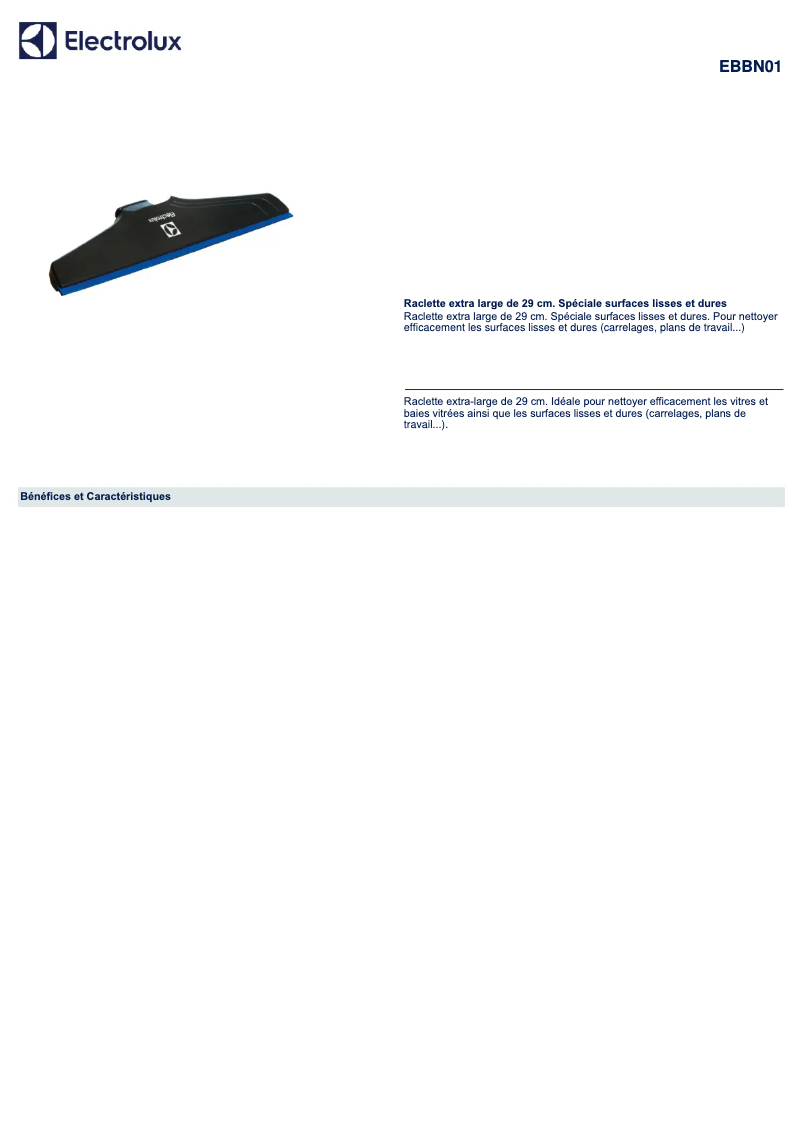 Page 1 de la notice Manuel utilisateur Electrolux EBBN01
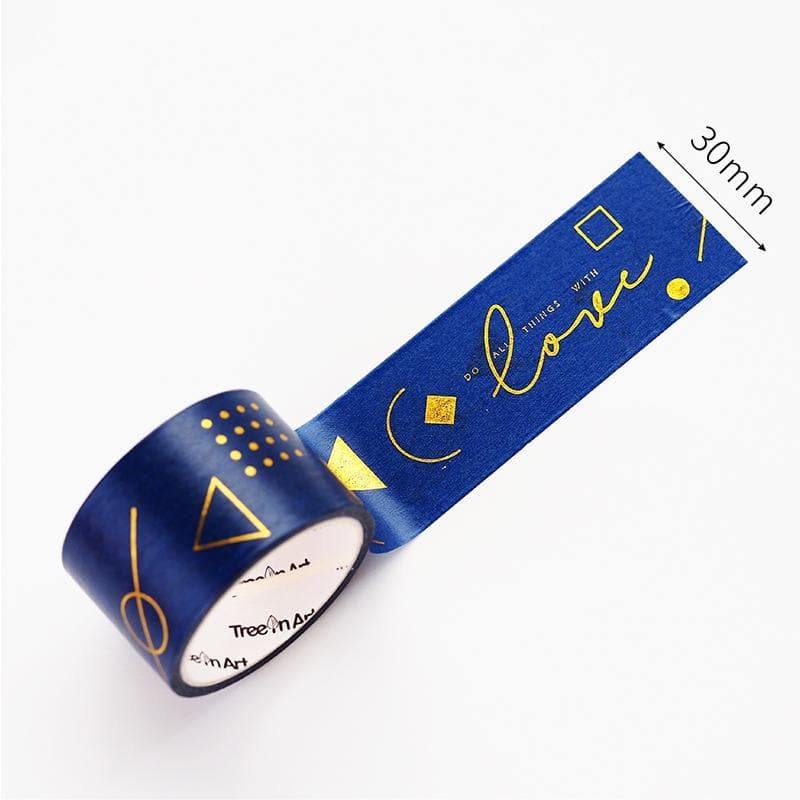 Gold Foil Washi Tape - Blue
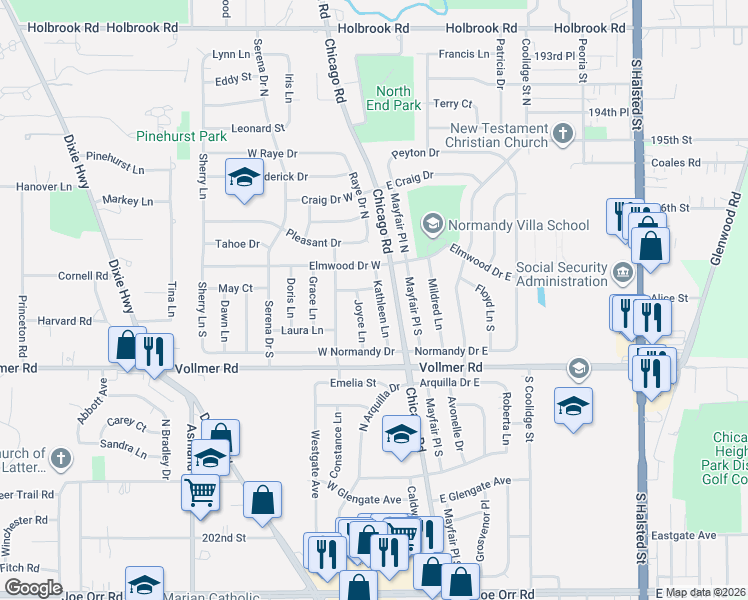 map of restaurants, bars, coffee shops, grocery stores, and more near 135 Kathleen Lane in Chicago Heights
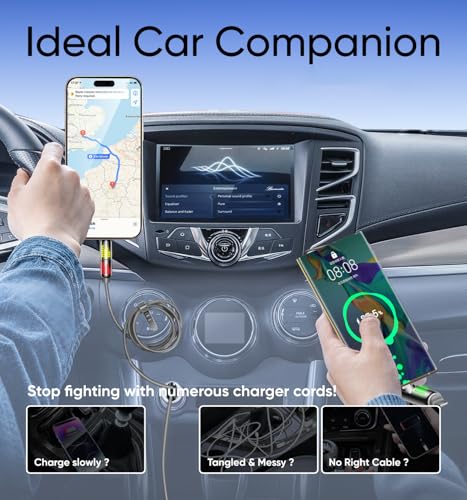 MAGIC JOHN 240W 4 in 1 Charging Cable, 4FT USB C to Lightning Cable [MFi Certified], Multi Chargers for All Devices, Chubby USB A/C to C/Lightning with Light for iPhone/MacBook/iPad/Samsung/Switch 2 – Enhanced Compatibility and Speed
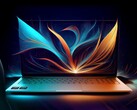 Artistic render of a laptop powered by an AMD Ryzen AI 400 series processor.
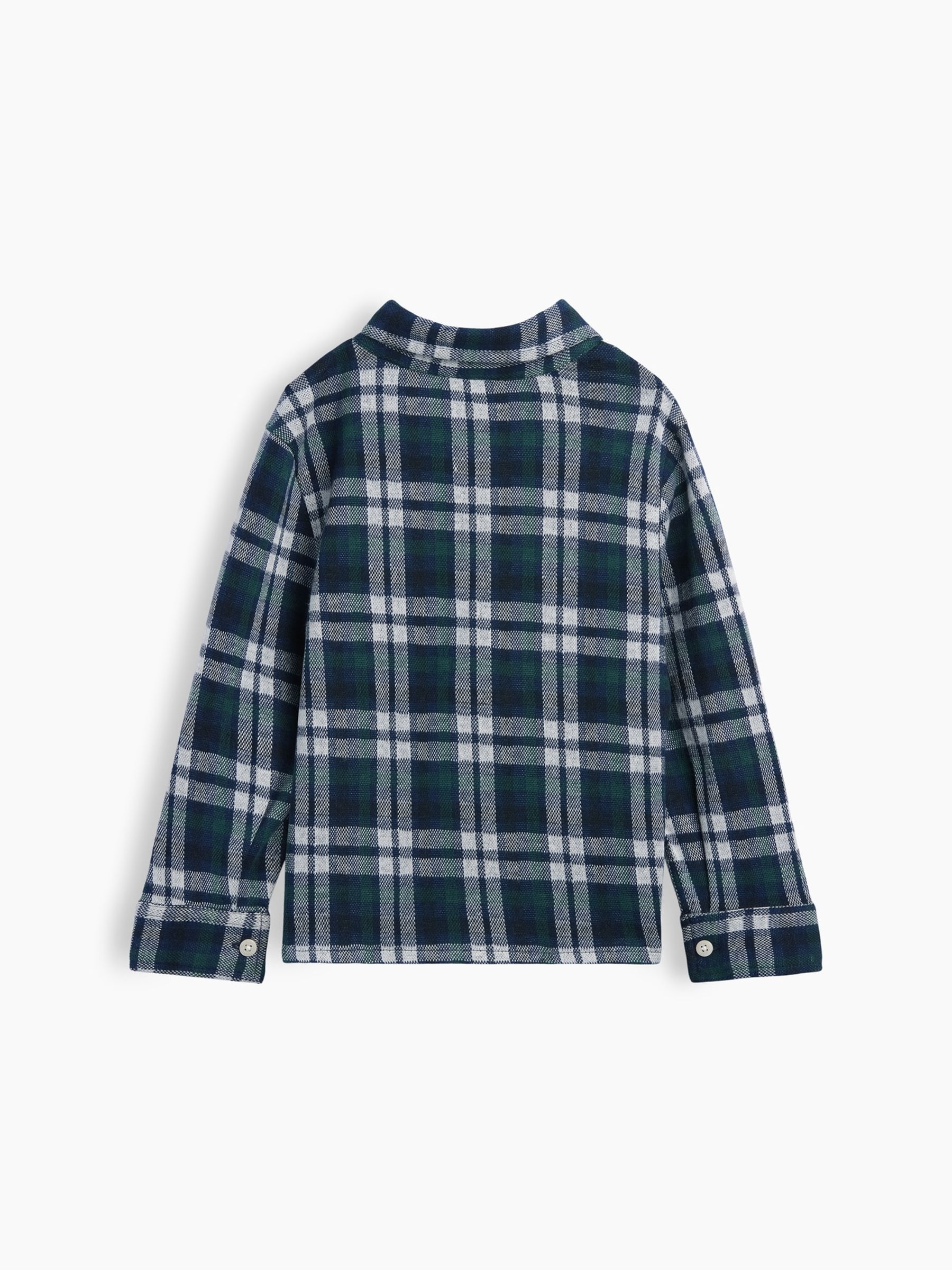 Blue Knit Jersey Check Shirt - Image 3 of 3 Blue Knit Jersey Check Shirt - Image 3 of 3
#####
**TASK DIRECTIONS:** Reproduce exactly, with no pictures, the lines above from the one holding "Gold Foil Washi Tape - Blue" to the one holding "map of restaurants, bars, coffee", inclusive.

**COMPLETED TASK:**
 Gold Foil Washi Tape - Blue
 map of restaurants, bars, coffee shops, grocery stores, and more near 135 Kathleen Lane in Chicago Heights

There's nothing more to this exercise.